You would also have to ingest the user ids before hand into your
pipeline, so that if a user never has any event he still gets a
notification. So probably on startup ingest the user ids with a single
source
from the DB.
My example is pretty minimal but the idea in your case stays the same:
- key by user
- have a co-process function to init the state with the user ids
- reregister the timers every time they fire
- use `env.getConfig().setAutoWatermarkInterval(1000)` to move the event
time forward even if there is no data coming in (this is what you are
probably looking for!!)
- then collect an Optionable/CustomStruct/Null or so depending on if
data is present or not
- and then u can check whether the event was triggered because there was
data or because there wasn't data
Best regards,
Dario
On 09.05.22 15:19, Andrew Otto wrote:
This sounds similar to a non streaming problem we had at WMF. We
ingest all event data from Kafka into HDFS/Hive and partition the Hive
tables in hourly directories. If there are no events in a Kafka topic
for a given hour, we have no way of knowing if the hour has been
ingested successfully. For all we know, the upstream producer
pipeline might be broken.
We solved this by emitting artificial 'canary' events into each topic
multiple times an hour. The canary events producer uses the same code
pathways and services that (most) of our normal event producers do.

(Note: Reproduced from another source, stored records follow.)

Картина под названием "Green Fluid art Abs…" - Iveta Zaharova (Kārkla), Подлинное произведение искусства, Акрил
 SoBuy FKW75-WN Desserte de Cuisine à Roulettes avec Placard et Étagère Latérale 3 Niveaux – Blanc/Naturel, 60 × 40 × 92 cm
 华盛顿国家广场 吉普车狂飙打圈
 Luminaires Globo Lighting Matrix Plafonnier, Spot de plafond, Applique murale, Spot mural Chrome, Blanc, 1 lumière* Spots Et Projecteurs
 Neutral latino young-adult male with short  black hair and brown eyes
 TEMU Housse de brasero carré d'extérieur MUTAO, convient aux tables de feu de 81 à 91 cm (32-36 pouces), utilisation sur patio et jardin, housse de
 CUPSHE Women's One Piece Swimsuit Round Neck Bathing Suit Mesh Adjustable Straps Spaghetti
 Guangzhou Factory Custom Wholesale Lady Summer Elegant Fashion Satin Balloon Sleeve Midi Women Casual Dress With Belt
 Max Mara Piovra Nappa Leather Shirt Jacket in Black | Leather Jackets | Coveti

Then, when ingesting into Hive, we filter out the canary events. The
ingestion code has work to do and can mark an hour as complete, but
still end up writing no events to it.
Perhaps you could do the same? Always emit artificial events, and
filter them out in your windowing code? The window should still fire
since it will always have events, even if you don't use them?
On Mon, May 9, 2022 at 8:55 AM Shilpa Shankar <sshan...@bandwidth.com>
wrote:
Hello,
We are building a flink use case where we are consuming from a
kafka topic and performing aggregations and generating alerts
based on average, max, min thresholds. We also need to notify the
users when there are 0 events in a Tumbling Event Time Windows. We
are having trouble coming up with a solution to do the same. The
options we considered are below, please let us know if there are
other ideas we haven't looked into.
[1] Querable State : Save the keys in each of the Process Window
Functions. Query the state from an external application and alert
when a key is missing after the 20min time interval has expired.
We see Queryable state feature is being deprecated in the future.
We do not want to go down this path when we already know there is
an EOL for it.
[2] Use Processing Time Windows : Using Processing time instead
of Event time would have been an option if our downstream
applications would send out events in real time. Maintenances of
the downstream applications, delays etc would result in a lot of
data loss which is undesirable.
Flink version : 1.14.3
Thanks,
Shilpa